By Charles P. Roland
Notes, index, 363 pp., 2007. The University Press of Kentucky, 663 S. Limestone St., Lexington, KY 40508-4008, $45 plus shipping.

Reviewer: Richard M. McMurry
Richard M. McMurry's latest book (edited) is An Uncompromising Secessionist: The Civil War of George Knox Miller, 8th (Wade's) Confederate Cavalry.

For several decades Charles P. Roland has been one of the leading interpreters of Civil War and Southern history. His 1964 biography of Albert Sidney Johnston, his history of the Louisiana sugar plantations during the war (1957), and his An American Iliad: The Story of the Civil War (1991), plus other books along with numerous articles and essays in various collections, have contributed much to our understanding of the conflict.
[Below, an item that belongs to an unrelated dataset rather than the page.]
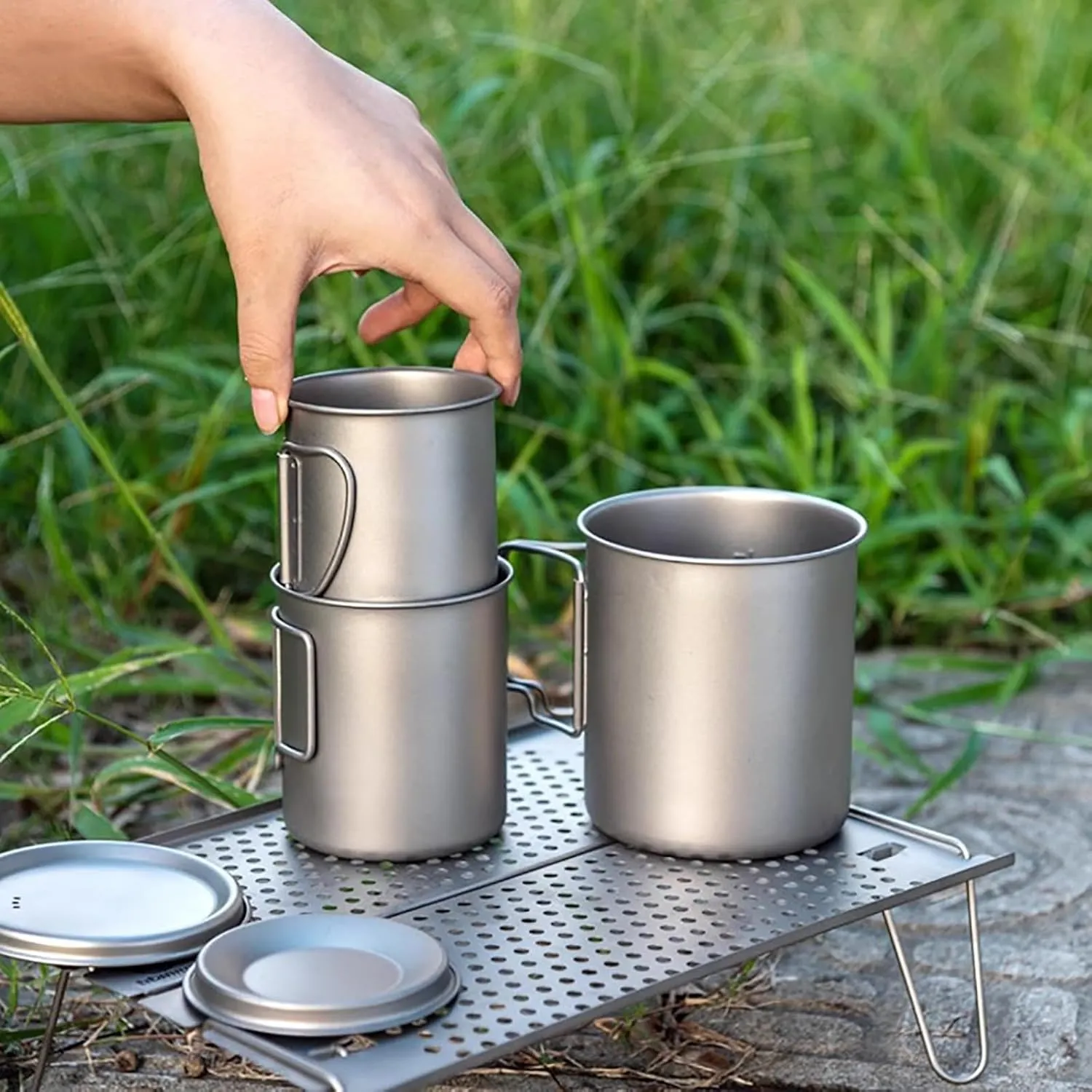 Titanium Pot, Camping Coffee Mugs, Camping Cookware, with Lid and Foldable Handle, Backpacking Cup for Outdoor Hiking Cooking(650ML)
Roland’s works on the post-1930 South and his delightful memoirs My Odyssey Through History: Memoirs of War and Academe (2004) help us to understand much of Modern America as well as Roland himself.

In History Teaches Us To Hope (the title comes from a Robert E. Lee quotation) Roland brings together a collection of 18 essays. Three are autobiographical, 10 deal with the Civil War, and five cover the modern South. Some are previously published articles or selections from Roland’s books; other were originally prepared as talks to Civil War Round Tables or other groups. All reflect Roland’s considerable ability both as a scholar and as an engaging writer.

CWN readers will probably most enjoy the five essays that cover two of Roland’s favorite generals — Albert Sidney Johnston and Robert E. Lee. It will give nothing away to say that Roland has a very high opinion of both men.

Roland’s observations on character and leadership should be required reading — and not just for students of the Civil War.

The only disappointing section of the book is John David Smith’s “Introduction.” This piece quickly degenerates into little more than a catalog of Roland’s publications accompanied by quotations from reviews of them.

Smith, one of Roland’s Ph. D. students, simply missed a chance to show us much about Roland the man and Roland the teacher. None of his gregariousness comes through in Smith’s often plodding writing. As those of us fortunate enough to know Charlie are well aware, he is a real gentleman with whom it is a great pleasure to associate.